• ABOUT THIS TASK
A complete, exact copy of the data is the required answer.

Crawled caption data
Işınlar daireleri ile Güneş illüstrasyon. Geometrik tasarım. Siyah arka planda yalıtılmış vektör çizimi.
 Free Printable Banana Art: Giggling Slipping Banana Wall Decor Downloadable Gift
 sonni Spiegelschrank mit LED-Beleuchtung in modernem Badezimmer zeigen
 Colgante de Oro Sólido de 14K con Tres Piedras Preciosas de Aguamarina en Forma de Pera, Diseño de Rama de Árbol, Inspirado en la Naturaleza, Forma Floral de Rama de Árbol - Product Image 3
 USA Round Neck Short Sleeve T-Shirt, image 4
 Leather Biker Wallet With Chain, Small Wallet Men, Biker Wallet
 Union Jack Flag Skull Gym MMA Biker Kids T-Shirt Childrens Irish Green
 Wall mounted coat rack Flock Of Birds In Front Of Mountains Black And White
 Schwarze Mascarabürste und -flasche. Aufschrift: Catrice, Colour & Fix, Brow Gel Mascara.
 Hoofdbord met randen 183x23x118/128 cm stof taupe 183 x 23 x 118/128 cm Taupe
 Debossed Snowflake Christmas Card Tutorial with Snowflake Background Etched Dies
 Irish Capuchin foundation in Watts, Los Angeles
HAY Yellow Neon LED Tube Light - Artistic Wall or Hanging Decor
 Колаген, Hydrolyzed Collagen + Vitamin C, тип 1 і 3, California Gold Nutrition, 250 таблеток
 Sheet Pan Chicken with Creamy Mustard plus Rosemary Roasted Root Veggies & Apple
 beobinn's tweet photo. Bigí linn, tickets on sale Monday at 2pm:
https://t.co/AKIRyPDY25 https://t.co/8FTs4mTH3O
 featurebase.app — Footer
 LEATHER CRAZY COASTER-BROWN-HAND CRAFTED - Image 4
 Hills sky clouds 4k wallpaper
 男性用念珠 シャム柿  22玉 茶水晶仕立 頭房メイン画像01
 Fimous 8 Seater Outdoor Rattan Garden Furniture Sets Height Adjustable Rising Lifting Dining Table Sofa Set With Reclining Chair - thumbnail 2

• ANSWER
Işınlar daireleri ile Güneş illüstrasyon. Geometrik tasarım. Siyah arka planda yalıtılmış vektör çizimi.
 Free Printable Banana Art: Giggling Slipping Banana Wall Decor Downloadable Gift
 sonni Spiegelschrank mit LED-Beleuchtung in modernem Badezimmer zeigen
 Colgante de Oro Sólido de 14K con Tres Piedras Preciosas de Aguamarina en Forma de Pera, Diseño de Rama de Árbol, Inspirado en la Naturaleza, Forma Floral de Rama de Árbol - Product Image 3
 USA Round Neck Short Sleeve T-Shirt, image 4
 Leather Biker Wallet With Chain, Small Wallet Men, Biker Wallet
 Union Jack Flag Skull Gym MMA Biker Kids T-Shirt Childrens Irish Green
 Wall mounted coat rack Flock Of Birds In Front Of Mountains Black And White
 Schwarze Mascarabürste und -flasche. Aufschrift: Catrice, Colour & Fix, Brow Gel Mascara.
 Hoofdbord met randen 183x23x118/128 cm stof taupe 183 x 23 x 118/128 cm Taupe
 Debossed Snowflake Christmas Card Tutorial with Snowflake Background Etched Dies
 Irish Capuchin foundation in Watts, Los Angeles
HAY Yellow Neon LED Tube Light - Artistic Wall or Hanging Decor
 Колаген, Hydrolyzed Collagen + Vitamin C, тип 1 і 3, California Gold Nutrition, 250 таблеток
 Sheet Pan Chicken with Creamy Mustard plus Rosemary Roasted Root Veggies & Apple
 beobinn's tweet photo. Bigí linn, tickets on sale Monday at 2pm:
https://t.co/AKIRyPDY25 https://t.co/8FTs4mTH3O
 featurebase.app — Footer
 LEATHER CRAZY COASTER-BROWN-HAND CRAFTED - Image 4
 Hills sky clouds 4k wallpaper
 男性用念珠 シャム柿  22玉 茶水晶仕立 頭房メイン画像01
 Fimous 8 Seater Outdoor Rattan Garden Furniture Sets Height Adjustable Rising Lifting Dining Table Sofa Set With Reclining Chair - thumbnail 2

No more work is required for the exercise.